Excess demand combined with supply-side constraints due to stagnant
agricultural growth and infrastructure bottlenecks have resulted in inflation
climbing to a new two-year high, with vegetable prices, especially onions,
surging sharply across the country.
It looks as if the demand pressures are only going to rise. Foreign direct
investment in the country has jumped nearly threefold to $15 billion in 2006-07
as the world's second-fastest-growing economy continues to lure global
investors.
Reformed real-estate investment laws for NRIs and foreign investors have
provided the fillip to catapult the Indian real-estate market toward $50
billion by 2010.
India's foreign-exchange reserves crossed $200 billion for the first time on
April 6, as per the data released by the apex bank, the Reserve Bank of India.

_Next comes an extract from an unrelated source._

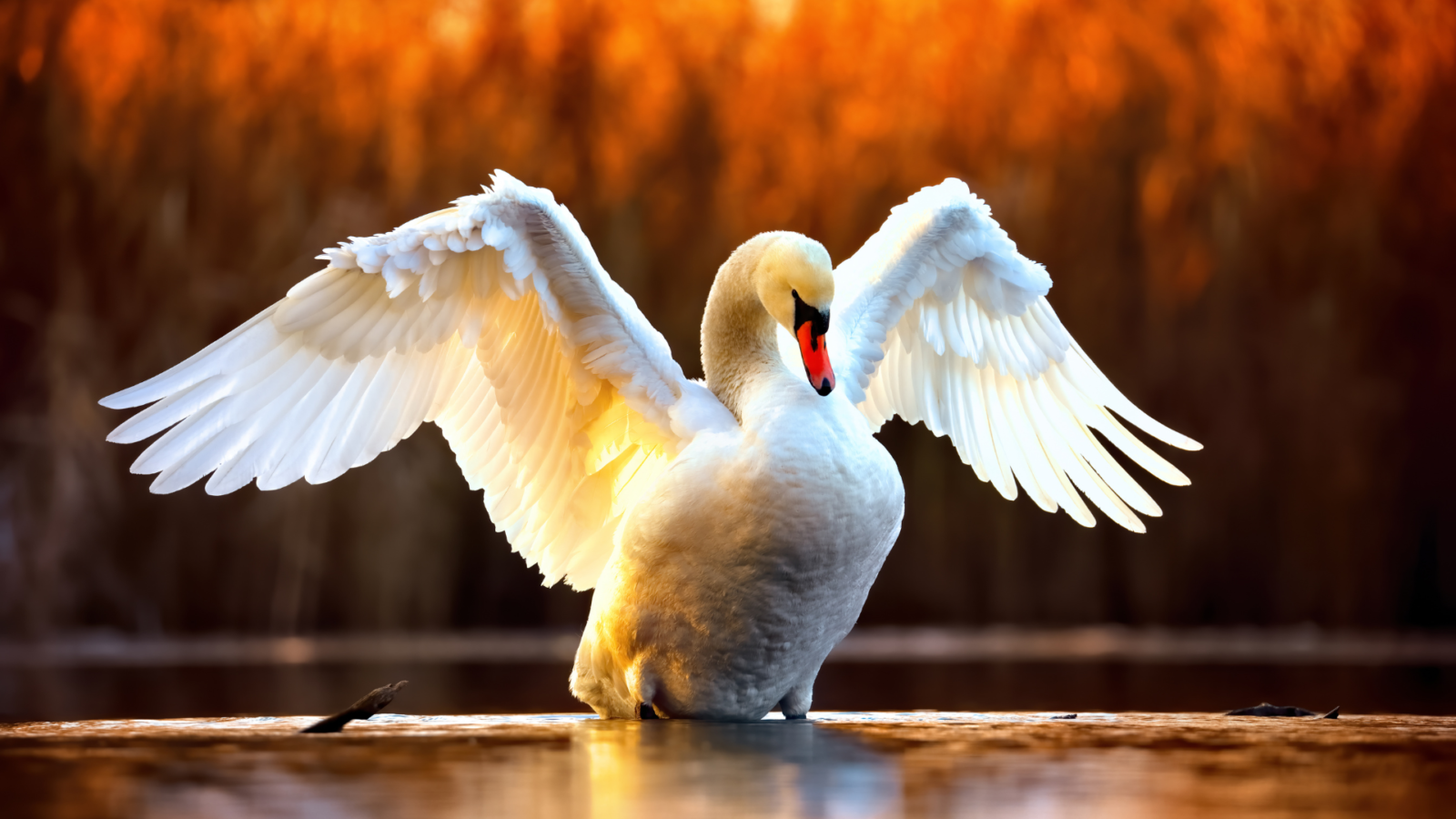 A swan with wings extended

Seventeen years ago, India's forex reserves were barely $1 billion. The
reserves at the end of December 2003 totaled $100 billion.
The World Bank's Global Economic Prospects for 2006 reported that India for the
first time overtook China as the nation whose workforce remits the highest
amounts, an indication that Indians have emerged as the top "alien" workforce.
According to industry figures, the country's top five software firms, TCS,
Infosys, Wipro, Satyam and HCL Technologies, alone added more than 23,000
employees to their payrolls in the last quarter of 2006. This year they are
expected to hire 100,000 more.
Indian retail is coming of age and set to generate $430 billion from the
current $328 billion with the entry of big players such as Bharti-Wal-Mart and
Reliance and some other foreign players, says a report by a leading industry
lobby, the Federation of India Chambers of Commerce and Industry.
According to the report, more than $30 billion of investment is likely to be
made in the next five to seven years. This exponential growth is expected to
generate 18 million jobs, thereby becoming the second-largest
employment-generating sector after agriculture.
Siddharth Srivastava is a New Delhi-based journalist.